# Homework Help: RLC circuit overshoot voltage

1. Apr 16, 2012

### likephysics

1. The problem statement, all variables and given/known data
RLC circuit as shown in the attachment. Input is a pulse, of frequency 1MHz, 5v. Rise/fall time 1ns.
How to find the voltage at the capacitor.
In simulation, I see overshoot and undershoot. But how do I find the overshoot/undershoot amplitude mathematically?
Ringing frequency is f = 1/2*pi*sqrt(LC)

2. Relevant equations

3. The attempt at a solution

No idea. I tried VL = L di/dt
But not sure how to get dt.
1. The problem statement, all variables and given/known data

2. Relevant equations

3. The attempt at a solution

#### Attached Files:

• ###### rlc.pdf
File size:
5.6 KB
Views:
339
2. Apr 16, 2012

### Staff: Mentor

The general approach is to form the second-order differential equation, and solve it. You have a series circuit, with a current i(t). You know the equations for voltage across a resistor, across an inductor, and across a capacitor, all in terms of the current through each, so sum those voltages. This sum equals the applied voltage at all times.
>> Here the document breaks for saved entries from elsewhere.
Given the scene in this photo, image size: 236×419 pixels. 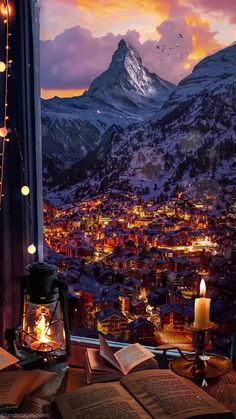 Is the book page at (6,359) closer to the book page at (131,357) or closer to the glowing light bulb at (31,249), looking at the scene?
the book page at (131,357)

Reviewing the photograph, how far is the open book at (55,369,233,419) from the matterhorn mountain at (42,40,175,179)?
1.15 metres

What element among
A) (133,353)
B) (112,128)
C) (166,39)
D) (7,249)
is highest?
(166,39)

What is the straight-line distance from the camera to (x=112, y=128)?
224cm

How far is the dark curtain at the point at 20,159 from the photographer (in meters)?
1.93

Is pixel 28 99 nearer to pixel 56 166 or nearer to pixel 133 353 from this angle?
pixel 56 166

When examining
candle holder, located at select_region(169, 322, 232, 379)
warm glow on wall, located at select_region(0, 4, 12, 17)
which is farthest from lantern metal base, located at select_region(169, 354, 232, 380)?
warm glow on wall, located at select_region(0, 4, 12, 17)

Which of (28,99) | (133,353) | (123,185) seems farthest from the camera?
(123,185)

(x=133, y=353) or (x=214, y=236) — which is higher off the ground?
(x=214, y=236)

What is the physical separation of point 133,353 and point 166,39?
48.5 inches

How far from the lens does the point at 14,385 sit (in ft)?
4.65

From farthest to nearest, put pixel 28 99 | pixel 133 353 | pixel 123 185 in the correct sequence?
pixel 123 185 → pixel 28 99 → pixel 133 353

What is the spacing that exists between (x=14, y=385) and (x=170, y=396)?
0.44m

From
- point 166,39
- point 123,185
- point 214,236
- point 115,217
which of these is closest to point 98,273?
point 115,217

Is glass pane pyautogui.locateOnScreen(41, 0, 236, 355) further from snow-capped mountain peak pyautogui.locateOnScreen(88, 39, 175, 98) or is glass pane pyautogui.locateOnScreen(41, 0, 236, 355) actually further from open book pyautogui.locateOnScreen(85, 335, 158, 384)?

The topic is treated well in most textbooks, and at wiki http://en.wikipedia.org/wiki/RLC_circuit. Possibly your examiner requires nothing more of you than just using the equation the text derives for the overshoot, after plugging in the values for your circuit to determine the damping, ζ.
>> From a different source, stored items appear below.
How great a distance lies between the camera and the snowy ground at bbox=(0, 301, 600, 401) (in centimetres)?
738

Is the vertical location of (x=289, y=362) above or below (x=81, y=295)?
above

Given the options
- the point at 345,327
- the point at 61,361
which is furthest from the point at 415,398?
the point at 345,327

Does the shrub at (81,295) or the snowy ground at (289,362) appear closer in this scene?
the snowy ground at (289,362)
That 1pF capacitor is very tiny, though not totally unrealistic. Are you sure the value is correct?

Good luck!

3. Apr 17, 2012

### likephysics

It's not an assignment problem. I made it up.
The RLC ckt is the equivalent of a scope probe. I am trying to mathematically derive the overshoot amplitude.
Since the input is a pulse, I can't use the standard textbook approach.
I have attached a plot of the voltage across capacitor for rise/fall time of 0.5ns.

#### Attached Files:

• ###### rlc wave.pdf
File size:
18 KB
Views:
189
4. Apr 17, 2012

### Staff: Mentor

Probes are usually carefully designed. I'm skeptical about your equivalent circuit, have you included the resistance of the source in your simulation? Also include the source capacitance. Try 50Ω and 10 pF if you are just making up values.
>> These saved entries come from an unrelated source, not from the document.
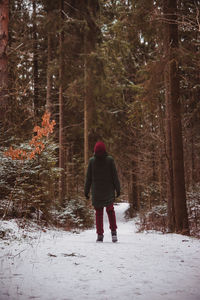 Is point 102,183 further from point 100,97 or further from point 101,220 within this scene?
point 100,97

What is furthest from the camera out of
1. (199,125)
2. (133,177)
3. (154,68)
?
(133,177)

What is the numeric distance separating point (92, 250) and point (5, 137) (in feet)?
14.1

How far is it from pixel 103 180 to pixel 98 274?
10.8 ft

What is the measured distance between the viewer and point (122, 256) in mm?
3980

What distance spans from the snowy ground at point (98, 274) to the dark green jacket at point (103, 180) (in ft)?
5.81

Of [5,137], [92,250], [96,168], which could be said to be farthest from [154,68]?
[92,250]

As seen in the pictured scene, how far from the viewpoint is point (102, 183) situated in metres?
6.20

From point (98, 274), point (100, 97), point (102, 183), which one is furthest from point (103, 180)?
A: point (100, 97)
I wouldn't call that a pulse, your input is a step, repetitively, and that's exactly what the textbooks deal with. If a system rings with a step, it will ring with a delta.

5. Apr 18, 2012

### likephysics

The values you mentioned are for passive probes.
I'm trying to play with approximate model of an active probe.
The L and C values are correct. I added the R to dampen the ringing caused from ideal L and C in simulation.
Can you point me to resources which will help me find the delta?

6. Apr 18, 2012

### Staff: Mentor

Laplace Transforms give you the system response for any input, including Dirac's delta. Look for an electronics textbook introducing Laplace Transforms. Many textbooks will have worked examples. Or search online.

Good luck!

7. Apr 19, 2012

### likephysics

Found this - http://csserver.evansville.edu/~blandfor/EE210/MatLab/MLEx5.pdf
Plugged in values for time and got voltage close to the one in the plot (page3) for underdamped case.

But in my circuit, the overshoot increases as I make the step input rise time fast.
How do I take this into account?

8. Apr 19, 2012

### Staff: Mentor

9. Apr 19, 2012

### likephysics

Yes, I did learn LT back when I was in school.

10. Apr 19, 2012

### Staff: Mentor

In the time domain, to generate a step input with a finite rise-time:
at t=t₀ apply a steep ramp of slope g volts/sec, i.e., v(t)=g·t
at t=t₁ add to this input a ramp of equal but opposite slope, viz., -g volts/sec,

With your system being represented by a linear second order DE, you can use the superposition of responses to more than one input to find the composite output. (I can't help with the mathematics, have forgotten those details.)

Your best hope lies in using Laplace Transforms. Maybe here's your opportunity to revise that topic? I only use LT for sinusoidal responses, but maybe someone else can help you with your piece-wise LT. Good luck!